=Paper=
{{Paper
|id=None
|storemode=property
|title=From Data Collection to Analysis - Exploring Regional Linguistic Variation in Route Directions by Spatially-Stratified Web Sampling
|pdfUrl=https://ceur-ws.org/Vol-620/paper8.pdf
|volume=Vol-620
}}
==From Data Collection to Analysis - Exploring Regional Linguistic Variation in Route Directions by Spatially-Stratified Web Sampling==
From Data Collection to Analysis – Exploring Regional
Linguistic Variation in Route Directions by Spatially-Stratified
Web Sampling
Sen Xu1, Anuj Jaiswal2, Xiao Zhang3, Alexander Klippel1,
Prasenjit Mitra2 and Alan MacEachren1
1
GeoVista Center, Department of Geography, Pennsylvania State University, U.S.A.
2
College of Information Science and Technology, Pennsylvania State University, U.S.A.
3
Department of Computer Science and Engineering, Pennsylvania State University, U.S.A.
Abstract. How spatial language varies regionally? This study investigates the possibility of
exploring regional linguistic variations in spatial language by collecting and analyzing a
Spatially-strAtified Route Direction Corpus (SARD Corpus) from volunteered spatial language
text on the Web. Because of the fast content sharing functionality of the World Wide Web, it
quickly becomes a hotbed for volunteered spatial language text, such as directions on hotels’
Websites. These route directions can serve as a representation of everyday spatial language
usage on the WWW. The spatial coverage and abundance of the data source is appealing while
collecting and analyzing large quantities of spatially distributed data is still challenging.
Through automated crawling, classifying and geo-referencing web documents containing route
directions from the web, the SARD Corpus has been built covering the U.S., the U.K. and
Australia. We implement a semantic categorical analysis scheme to explore regional variations
in cardinal versus relative direction usages. Preliminary results show both similarity and
differences at national level and geographic patterns at regional level.
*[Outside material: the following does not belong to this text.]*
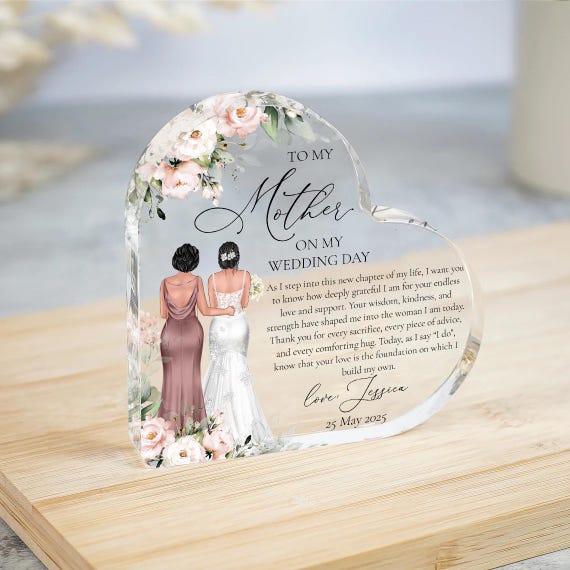 Personalized Mother of the Bride Gift from Daughter, Sentimental Gifts for Mom on Wedding, Mother Custom Flowers Dress Acrylic Plaque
The design and
implementation of building a geo-referenced large-scale corpus from Web documents offers a
methodological contribution to corpus linguistics, spatial cognition, and the GISciences.
Keywords: Spatial language analysis, volunteered spatial information, geo-referenced web
sampling, regional linguistic variation, cardinal directions
1 Introduction
Spatial language is an important medium through which we study the representation, perception,
and communication of spatial information. Research has approached spatial language from various
perspectives. From the cognitive perspective, research has focused on group or individual
differences, on how language affects way-finding behaviour, or on how regional context affects
spatial language usage. From the computational perspective, modelling and reasoning has been
applied to spatial language interpretation. The spatial language samples used in these studies have
been mostly collected by individuals via time consuming experiments or interviews. This data
collection method could provide samples that offer understanding on small-scale phenomenon
through manual interpretation by analysts.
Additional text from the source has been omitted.